### Information provided:
──────────────────────────────

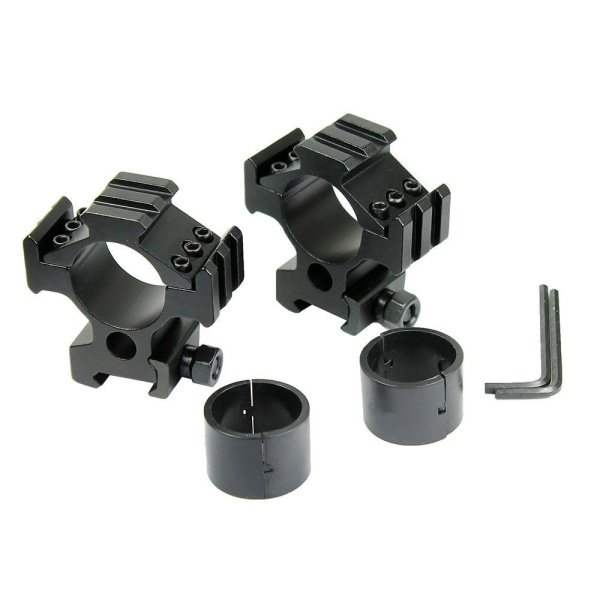 Set of 2 Laser - Light / Scope Ring Mount - Tri-rail & 30mm + 1" Reducer Insert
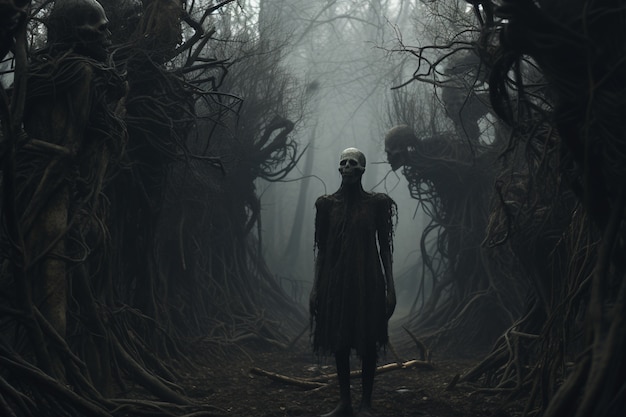 View of creepy entities in a foggy forest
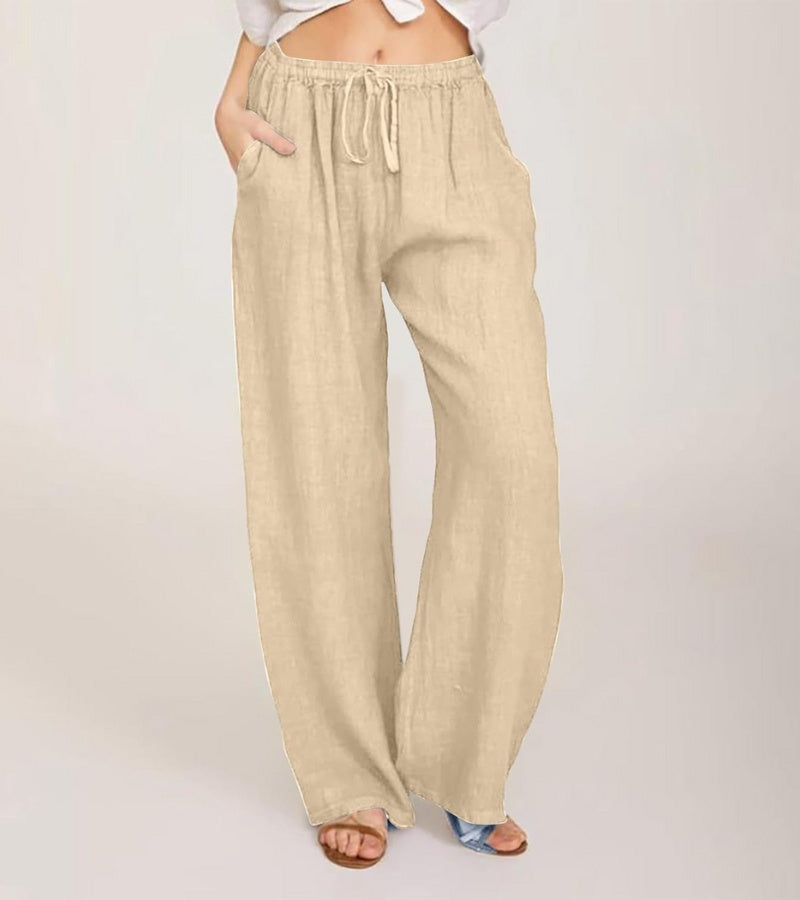 Pantalones Mujer Cintura Alta y Rectos Ligeros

──────────────────────────────

Apart from the pictures, every line above must be printed exactly.

 Set of 2 Laser - Light / Scope Ring Mount - Tri-rail & 30mm + 1" Reducer Insert
 View of creepy entities in a foggy forest
 Pantalones Mujer Cintura Alta y Rectos Ligeros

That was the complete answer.